“Go ahead, ask away”

By The Columbia Chronicle

by Riley Hughes

Growing up, I most certainly was one of those “what if …” kids. I would tirelessly conjure up elaborate scenarios and questions from the extreme depths of my imagination, all of which I would direct towards my father. Of course, more often than not, he wasn’t quite sure about what would happen if you fell in a hole that went from one side of the earth to the other, nor did he know the exact and current location of Bigfoot, but he always answered my questions and scenarios to the best of his ability.

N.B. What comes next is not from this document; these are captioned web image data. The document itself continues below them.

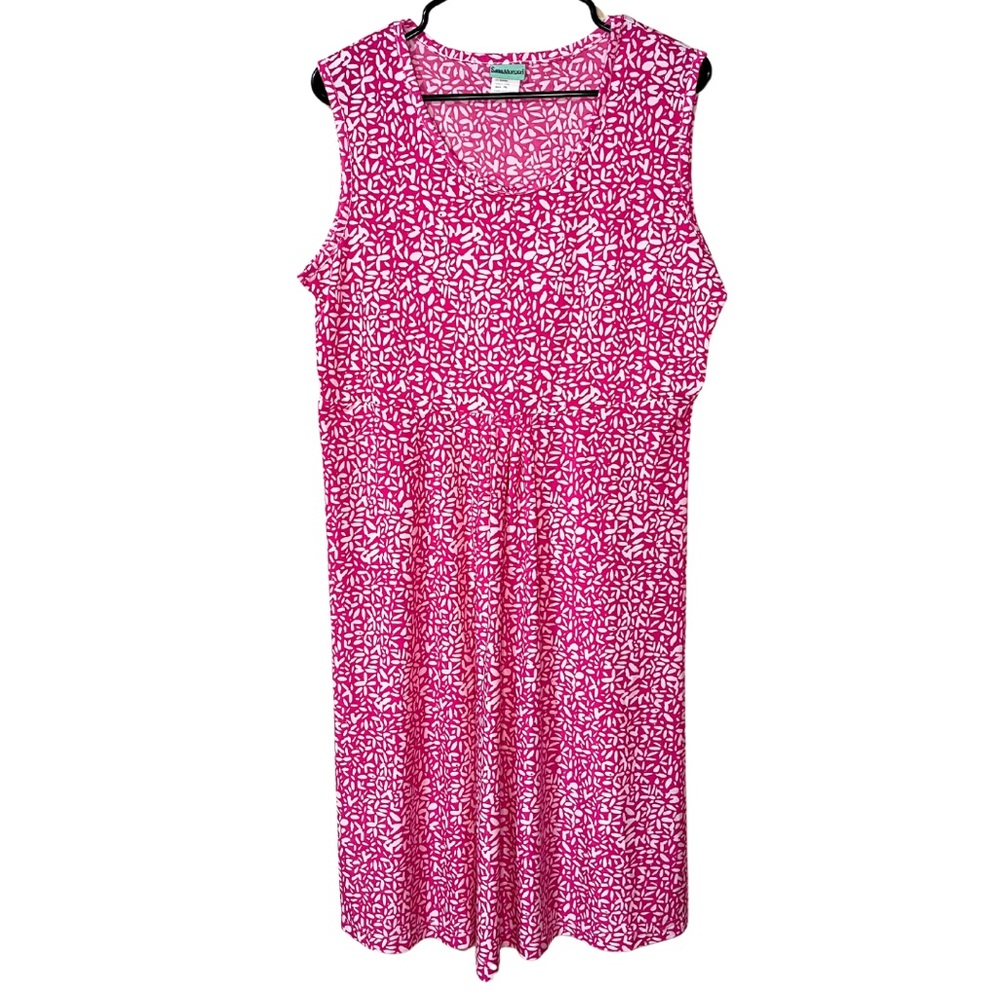 Vtg Sara Morgan Sleeveless Midi Dress Size Petite Large Shift Hot Pink White Y2K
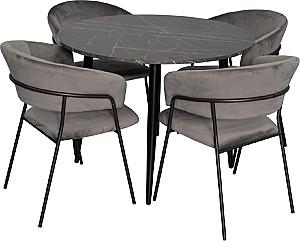 Set de masa si scaune Evelin DT 402-6B + 4 scaune YTC-097B UF BLU-14 (Dark Grey)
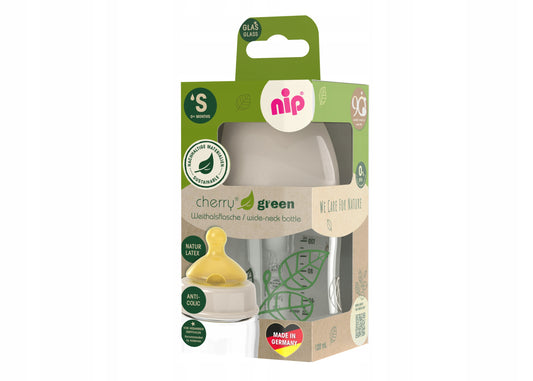 NIP Cherry Green skleněná láhev 120 ml 0+ dudlík latex S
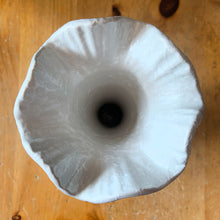 Load image into Gallery viewer, Pretty vintage ceramic flower vase with ruffled edge from the Cameo Line, shape 2512, decorated with white splatter over pale gray glaze. Produced by Shawnee Pottery, USA, 1950s. A wonderful gift for the Shawnee collector!
In great vintage condition, free from cracks/repairs with one minor chip to the rim (see photo).
Measures 4 1/2 x 8 3/4 inches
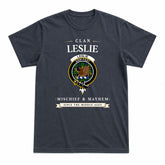 Leslie Hunting Tartan Crest Mischief and Mayhem T-shirt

What I loved so much about interrogating him was not so much the answers he gave but how he gave them. Somehow he always managed to make each experience incredibly comical for me, which really encouraged me to develop an inquisitive approach to things from an early age.  Every family car ride became a new opportunity to pry into the thoughts of one whom I’ve always found to have an abundant source of common sense and humor.  I’m  sure that sometimes the questions I asked became quite annoying, but he always listened and never discouraged me from asking,  so I often look back and thank him for taking the time to think of a placeholder beyond a zillion ba- gillion to describe how many grains of sand were on the beach.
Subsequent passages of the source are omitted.